(Web page caption snippets)
+ + + + + + +

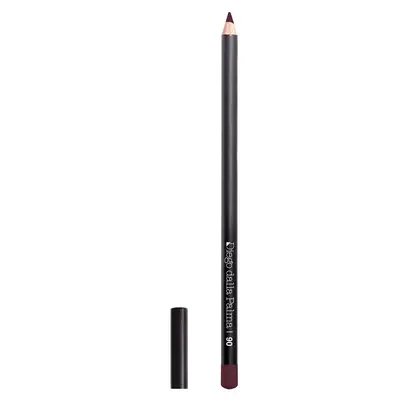Diego Dalla Palma Ddp Lip Pencil 90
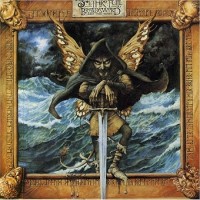 Purchase Jethro Tull - The Broadsword and the Beast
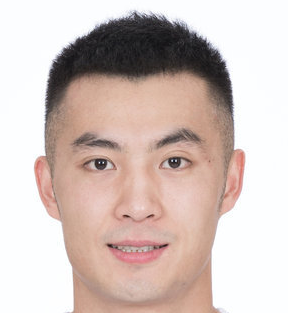 https://img.saibanjie.com/img/basketball/player/0cd89480e3fc34effdb27e101318a539.png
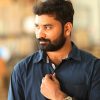 singh
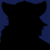 AlterationA :iconalterationa:
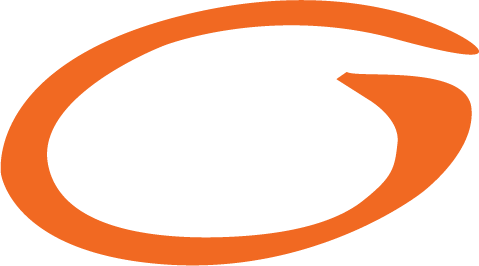 Limo Interior Deacor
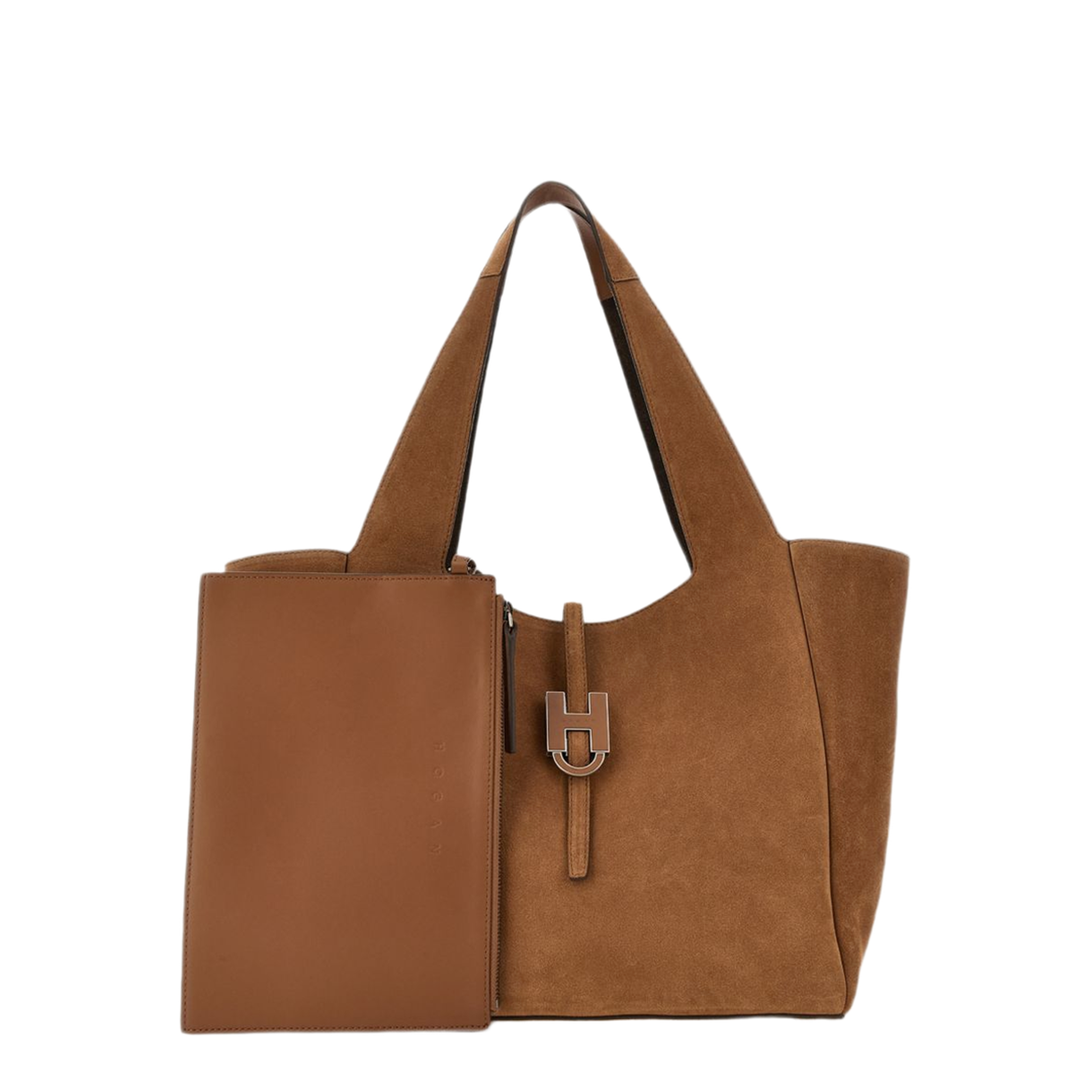 MAYFEYR - Hogan - Bags.. Luggage - KBW01XA1300UGM96RG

+ + + + + + +

> _WHAT YOU HAVE TO DO_
The records above are to be restated word for word, with every picture left out.

> _TASK ANSWER_
Diego Dalla Palma Ddp Lip Pencil 90
 Purchase Jethro Tull - The Broadsword and the Beast
 https://img.saibanjie.com/img/basketball/player/0cd89480e3fc34effdb27e101318a539.png
 singh
 AlterationA :iconalterationa:
 Limo Interior Deacor
 MAYFEYR - Hogan - Bags.. Luggage - KBW01XA1300UGM96RG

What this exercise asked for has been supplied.